* _THE PROBLEM_
Print the first line of the records below and every line after it, up to and including the line with "Everbuild One Strike Filler 250ml - ONE025". Print nothing else.

(Data records)
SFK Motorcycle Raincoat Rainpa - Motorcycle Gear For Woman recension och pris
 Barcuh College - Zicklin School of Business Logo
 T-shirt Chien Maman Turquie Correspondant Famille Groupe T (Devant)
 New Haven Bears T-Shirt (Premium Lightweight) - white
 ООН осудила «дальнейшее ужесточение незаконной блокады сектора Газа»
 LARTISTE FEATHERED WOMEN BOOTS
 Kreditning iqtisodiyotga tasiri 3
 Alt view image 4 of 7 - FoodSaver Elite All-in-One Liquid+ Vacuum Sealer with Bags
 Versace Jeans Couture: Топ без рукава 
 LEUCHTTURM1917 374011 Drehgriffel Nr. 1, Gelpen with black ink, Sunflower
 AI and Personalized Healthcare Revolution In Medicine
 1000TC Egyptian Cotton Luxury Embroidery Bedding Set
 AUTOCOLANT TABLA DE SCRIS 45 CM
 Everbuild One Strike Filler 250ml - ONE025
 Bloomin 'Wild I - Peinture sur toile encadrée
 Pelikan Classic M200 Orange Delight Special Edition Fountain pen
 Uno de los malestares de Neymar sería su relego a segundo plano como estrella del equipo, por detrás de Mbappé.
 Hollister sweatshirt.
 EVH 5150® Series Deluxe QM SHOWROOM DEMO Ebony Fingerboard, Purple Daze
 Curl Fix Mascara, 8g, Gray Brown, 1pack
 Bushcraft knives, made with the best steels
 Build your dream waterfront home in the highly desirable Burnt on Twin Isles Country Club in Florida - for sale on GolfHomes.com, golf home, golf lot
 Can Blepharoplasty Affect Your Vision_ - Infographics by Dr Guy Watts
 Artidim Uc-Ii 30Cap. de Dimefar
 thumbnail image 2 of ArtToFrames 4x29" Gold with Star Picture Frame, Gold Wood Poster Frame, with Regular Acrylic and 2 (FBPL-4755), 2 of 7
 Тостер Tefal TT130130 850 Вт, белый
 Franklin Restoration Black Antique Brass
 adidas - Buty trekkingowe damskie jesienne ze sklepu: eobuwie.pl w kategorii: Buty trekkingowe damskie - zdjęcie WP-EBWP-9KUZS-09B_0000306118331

* _REPLY_
SFK Motorcycle Raincoat Rainpa - Motorcycle Gear For Woman recension och pris
 Barcuh College - Zicklin School of Business Logo
 T-shirt Chien Maman Turquie Correspondant Famille Groupe T (Devant)
 New Haven Bears T-Shirt (Premium Lightweight) - white
 ООН осудила «дальнейшее ужесточение незаконной блокады сектора Газа»
 LARTISTE FEATHERED WOMEN BOOTS
 Kreditning iqtisodiyotga tasiri 3
 Alt view image 4 of 7 - FoodSaver Elite All-in-One Liquid+ Vacuum Sealer with Bags
 Versace Jeans Couture: Топ без рукава 
 LEUCHTTURM1917 374011 Drehgriffel Nr. 1, Gelpen with black ink, Sunflower
 AI and Personalized Healthcare Revolution In Medicine
 1000TC Egyptian Cotton Luxury Embroidery Bedding Set
 AUTOCOLANT TABLA DE SCRIS 45 CM
 Everbuild One Strike Filler 250ml - ONE025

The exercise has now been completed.